[Data to examine Boundary: Start]

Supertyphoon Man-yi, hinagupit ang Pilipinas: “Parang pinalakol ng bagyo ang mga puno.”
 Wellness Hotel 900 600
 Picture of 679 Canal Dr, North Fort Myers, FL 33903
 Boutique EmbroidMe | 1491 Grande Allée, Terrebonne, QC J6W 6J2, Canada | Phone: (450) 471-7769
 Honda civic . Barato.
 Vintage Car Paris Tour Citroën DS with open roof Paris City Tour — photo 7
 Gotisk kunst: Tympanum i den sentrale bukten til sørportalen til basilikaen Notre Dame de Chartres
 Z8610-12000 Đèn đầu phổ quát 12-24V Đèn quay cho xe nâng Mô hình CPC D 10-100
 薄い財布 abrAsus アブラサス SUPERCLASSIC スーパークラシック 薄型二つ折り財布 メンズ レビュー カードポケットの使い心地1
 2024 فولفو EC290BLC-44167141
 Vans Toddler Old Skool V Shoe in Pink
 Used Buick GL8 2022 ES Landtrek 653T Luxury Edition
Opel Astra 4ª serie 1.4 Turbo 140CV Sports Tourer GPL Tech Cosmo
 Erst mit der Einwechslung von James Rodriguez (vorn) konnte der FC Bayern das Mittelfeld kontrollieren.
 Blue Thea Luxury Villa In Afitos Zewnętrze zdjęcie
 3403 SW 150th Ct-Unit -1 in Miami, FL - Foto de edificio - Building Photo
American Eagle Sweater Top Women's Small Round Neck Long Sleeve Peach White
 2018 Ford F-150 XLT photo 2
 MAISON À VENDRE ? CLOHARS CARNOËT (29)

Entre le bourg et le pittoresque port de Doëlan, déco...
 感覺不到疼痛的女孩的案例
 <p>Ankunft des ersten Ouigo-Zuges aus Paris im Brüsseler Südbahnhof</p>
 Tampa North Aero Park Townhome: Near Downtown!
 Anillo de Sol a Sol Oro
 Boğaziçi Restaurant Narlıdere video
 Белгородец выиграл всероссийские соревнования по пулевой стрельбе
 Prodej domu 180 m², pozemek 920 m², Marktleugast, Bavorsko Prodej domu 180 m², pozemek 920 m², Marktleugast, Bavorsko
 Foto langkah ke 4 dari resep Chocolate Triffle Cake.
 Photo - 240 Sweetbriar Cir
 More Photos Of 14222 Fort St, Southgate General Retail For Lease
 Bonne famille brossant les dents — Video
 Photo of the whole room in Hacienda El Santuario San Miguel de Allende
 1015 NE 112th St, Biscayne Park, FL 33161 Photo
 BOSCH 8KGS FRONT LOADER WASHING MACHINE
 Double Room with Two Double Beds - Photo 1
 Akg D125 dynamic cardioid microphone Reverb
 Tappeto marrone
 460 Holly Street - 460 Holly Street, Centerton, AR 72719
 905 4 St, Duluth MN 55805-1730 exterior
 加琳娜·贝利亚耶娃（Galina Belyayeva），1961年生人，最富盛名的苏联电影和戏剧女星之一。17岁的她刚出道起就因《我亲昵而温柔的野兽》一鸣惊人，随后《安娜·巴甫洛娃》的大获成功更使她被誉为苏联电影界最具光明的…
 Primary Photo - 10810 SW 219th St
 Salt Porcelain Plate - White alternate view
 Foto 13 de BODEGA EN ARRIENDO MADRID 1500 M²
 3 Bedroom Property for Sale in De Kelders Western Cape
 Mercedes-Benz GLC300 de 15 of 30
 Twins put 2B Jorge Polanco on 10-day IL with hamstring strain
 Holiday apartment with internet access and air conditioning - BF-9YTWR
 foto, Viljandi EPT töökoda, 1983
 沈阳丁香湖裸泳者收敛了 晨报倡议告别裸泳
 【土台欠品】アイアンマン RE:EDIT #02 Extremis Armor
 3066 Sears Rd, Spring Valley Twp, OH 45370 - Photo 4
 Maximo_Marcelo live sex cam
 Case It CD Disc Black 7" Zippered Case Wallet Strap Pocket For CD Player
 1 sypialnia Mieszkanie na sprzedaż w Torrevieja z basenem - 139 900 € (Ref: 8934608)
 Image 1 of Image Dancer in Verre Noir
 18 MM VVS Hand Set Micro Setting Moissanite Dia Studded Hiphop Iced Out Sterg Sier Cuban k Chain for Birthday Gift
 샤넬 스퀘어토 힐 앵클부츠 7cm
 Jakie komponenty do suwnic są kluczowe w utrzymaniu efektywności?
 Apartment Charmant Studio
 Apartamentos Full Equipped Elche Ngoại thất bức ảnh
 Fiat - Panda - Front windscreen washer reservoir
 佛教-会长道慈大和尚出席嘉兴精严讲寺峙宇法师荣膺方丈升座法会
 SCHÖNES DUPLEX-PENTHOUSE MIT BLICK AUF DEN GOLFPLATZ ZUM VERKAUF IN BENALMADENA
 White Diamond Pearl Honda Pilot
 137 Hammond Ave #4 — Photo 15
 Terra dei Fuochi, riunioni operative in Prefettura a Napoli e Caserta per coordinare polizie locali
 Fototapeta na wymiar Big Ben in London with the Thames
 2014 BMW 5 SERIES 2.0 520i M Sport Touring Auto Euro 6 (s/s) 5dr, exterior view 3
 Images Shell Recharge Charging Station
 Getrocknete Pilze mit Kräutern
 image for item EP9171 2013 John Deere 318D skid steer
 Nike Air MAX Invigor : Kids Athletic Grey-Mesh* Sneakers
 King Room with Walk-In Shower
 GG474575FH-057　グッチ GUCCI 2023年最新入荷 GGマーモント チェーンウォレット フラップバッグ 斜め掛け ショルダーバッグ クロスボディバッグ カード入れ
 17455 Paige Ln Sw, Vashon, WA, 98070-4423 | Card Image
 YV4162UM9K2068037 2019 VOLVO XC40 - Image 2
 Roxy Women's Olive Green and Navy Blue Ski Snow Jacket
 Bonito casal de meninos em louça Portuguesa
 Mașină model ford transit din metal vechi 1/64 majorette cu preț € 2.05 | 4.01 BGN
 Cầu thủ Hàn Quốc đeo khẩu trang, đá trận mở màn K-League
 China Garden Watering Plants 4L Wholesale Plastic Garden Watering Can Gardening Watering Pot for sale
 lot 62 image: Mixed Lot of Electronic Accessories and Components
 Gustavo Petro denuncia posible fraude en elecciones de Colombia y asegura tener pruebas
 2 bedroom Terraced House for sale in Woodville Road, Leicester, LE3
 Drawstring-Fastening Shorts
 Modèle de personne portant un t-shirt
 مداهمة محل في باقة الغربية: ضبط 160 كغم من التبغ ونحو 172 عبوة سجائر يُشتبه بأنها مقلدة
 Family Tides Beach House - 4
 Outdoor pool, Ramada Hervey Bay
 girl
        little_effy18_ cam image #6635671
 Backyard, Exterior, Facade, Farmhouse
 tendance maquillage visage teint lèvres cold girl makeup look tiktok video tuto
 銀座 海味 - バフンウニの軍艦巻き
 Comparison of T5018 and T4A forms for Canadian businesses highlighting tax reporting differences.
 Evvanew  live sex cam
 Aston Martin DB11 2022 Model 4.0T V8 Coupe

[Data to examine Boundary: End]

Take exactly the lines from the one containing "Modèle de personne portant un t-shirt" through the one containing "Backyard, Exterior, Facade, Farmhouse" in the data above, and output them with nothing added.

Output below
 Modèle de personne portant un t-shirt
 مداهمة محل في باقة الغربية: ضبط 160 كغم من التبغ ونحو 172 عبوة سجائر يُشتبه بأنها مقلدة
 Family Tides Beach House - 4
 Outdoor pool, Ramada Hervey Bay
 girl
        little_effy18_ cam image #6635671
 Backyard, Exterior, Facade, Farmhouse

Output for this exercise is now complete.